We could learn a lesson. Does not God invite us to bring our cares to Him—big or little? If it is a care to us, it is a care to Him (1 Pet. 5:7). Cast those cares on the Lord without worrying what they are or what others may think. Jesus said we needed to receive the Kingdom with the faith of a child (Mark 10:15); surely, we should pray with the same faith.
Listen to a teenager pray, and you will hear freshness. Some of the most encouraging moments I have had in prayer have been spent with young people. A teen is beginning to awaken to the needs and sorrows of the world, and when that teen loves the Lord, he will carry that burden to the Lord with as much sincerity (and sometimes more) than an adult. They are genuine, unlike some adults who try to sound spiritual in their prayers. They are fresh, unlike some adults who have developed repetitive phrases and pet clichés in their prayers. We could all use a dose of their freshness.
Listen to an adult pray, and you will hear maturity. Clearly, they are familiar with the “prayer language” of the church, and they “know” what requests to ask for in a prayer meeting. While such maturity can be a hindrance to the simple faith that God desires of us or the fresh appeal of the soul, maturity is not bad. After all, maturity often is gained through the hard experiences of life. Therefore, the adult knows the depth of pain and the seriousness of certain difficulties in a way that a child or teenager could never know.
The knowledge that we gain through maturity affects our prayers. It should make us consider the deeper needs of life. For example, the spiritually minded adult knows that although healing from disease is good and worthy of prayer, spiritual healing is better. Allow the maturity that you have gained through life inform your prayers. In other words, consider the deeper needs as well as what is on the surface when you pray. The Lord desires to meet these needs, too. Consider the hidden pains of others, and pray with more empathy.
Listen to an elderly saint pray, and you will see God. By far, the greatest prayers I have heard are not the ones that are eloquent but the ones that have ushered me into the presence of God. Those who have walked with God for years, have talked with God daily, and have had their lives saturated with His Word, are those who know how to pray. Their prayers are filled with God’s thoughts because they have allowed God’s Spirit to work His Word deeply into their souls. Their prayers are submissive to God and His will.

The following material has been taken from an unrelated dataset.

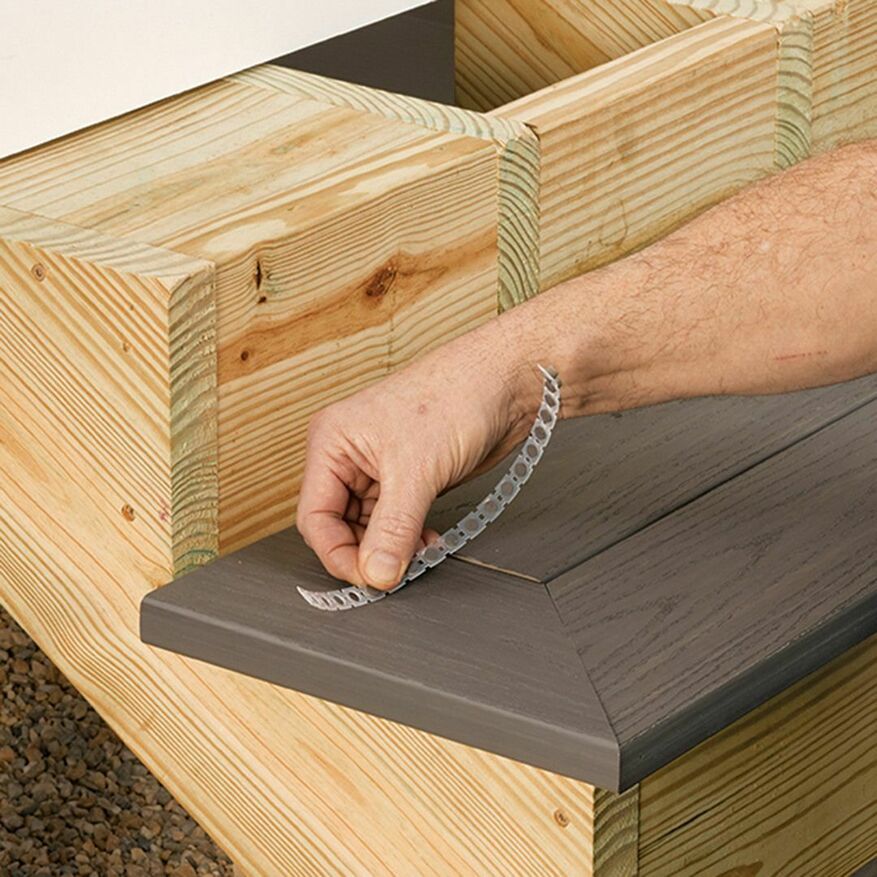 A close-up of a deck fastener being applied to a deck step.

We ought to make these saints our primary teachers when it comes to prayer because they know that prayer is not simply about getting petitions answered but about communing with the God of Heaven. Learn to pray as they do—from a heart fully devoted to and in constant love with God. The words of Charles Spurgeon apply here: “A little faith will bring your soul to heaven; a great faith will bring heaven to your soul.”